Work to be completed: Nothing but the records, copied exactly and stripped of pictures, should be in the answer.
(Beginning of Source data)
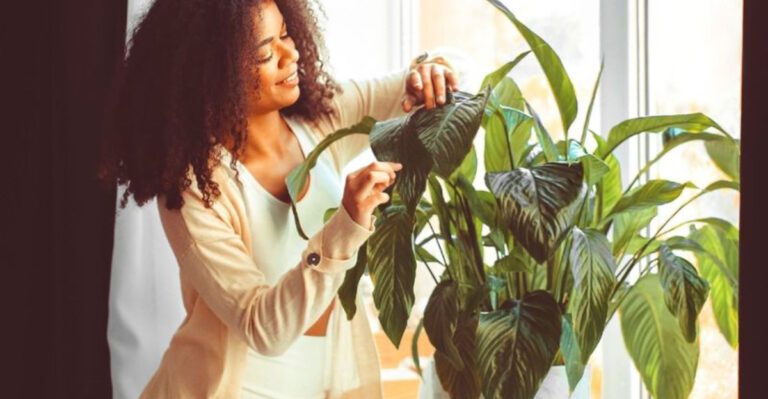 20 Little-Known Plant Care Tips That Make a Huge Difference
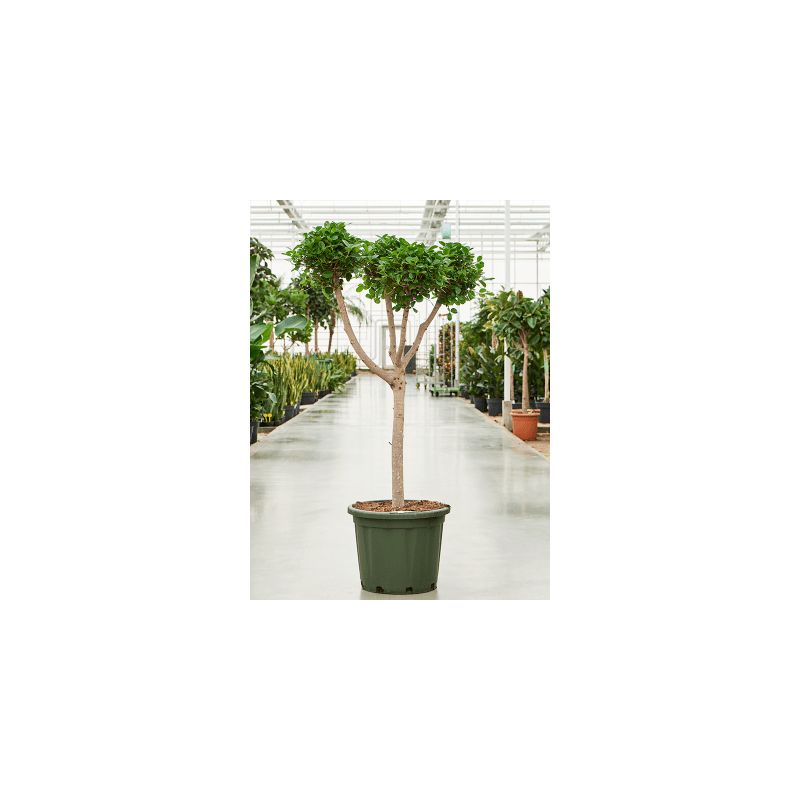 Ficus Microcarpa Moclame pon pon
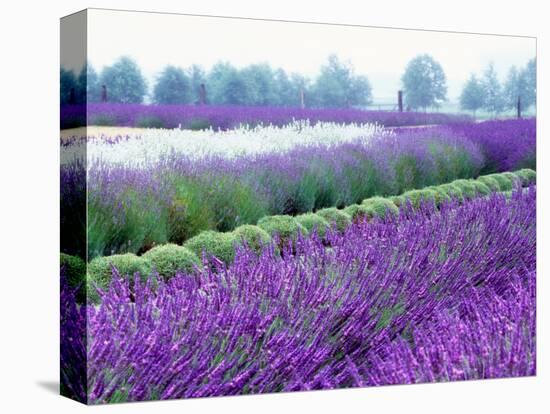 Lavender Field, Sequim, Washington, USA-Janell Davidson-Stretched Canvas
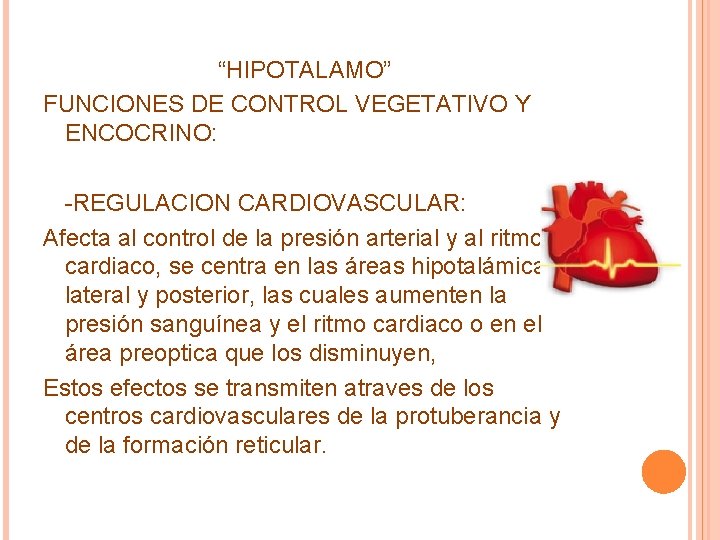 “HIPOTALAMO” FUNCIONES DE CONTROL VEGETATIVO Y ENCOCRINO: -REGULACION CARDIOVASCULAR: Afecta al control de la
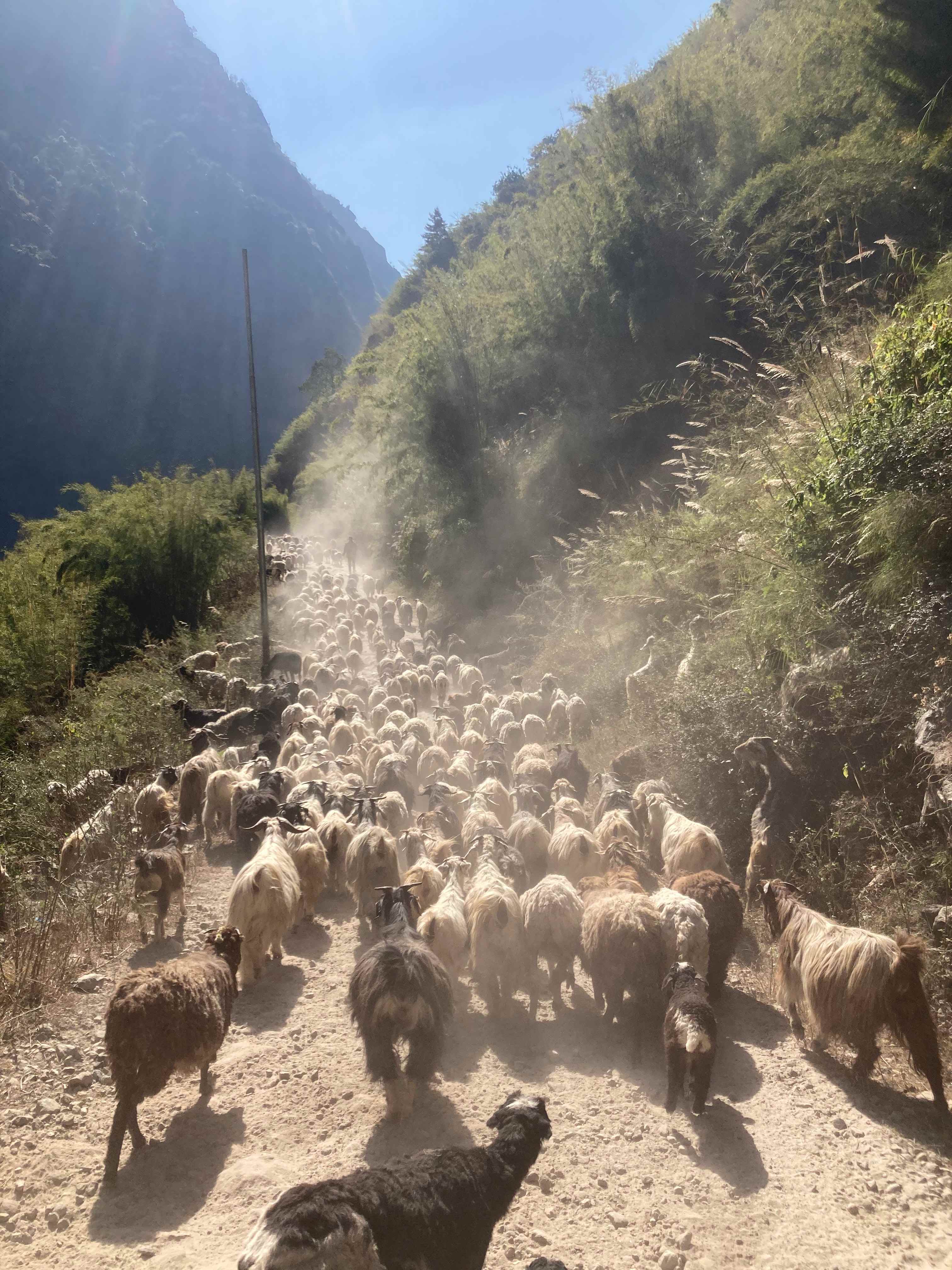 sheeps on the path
(End of Source data)
Solution to this task:
 20 Little-Known Plant Care Tips That Make a Huge Difference
 Ficus Microcarpa Moclame pon pon
 Lavender Field, Sequim, Washington, USA-Janell Davidson-Stretched Canvas
 “HIPOTALAMO” FUNCIONES DE CONTROL VEGETATIVO Y ENCOCRINO: -REGULACION CARDIOVASCULAR: Afecta al control de la
 sheeps on the path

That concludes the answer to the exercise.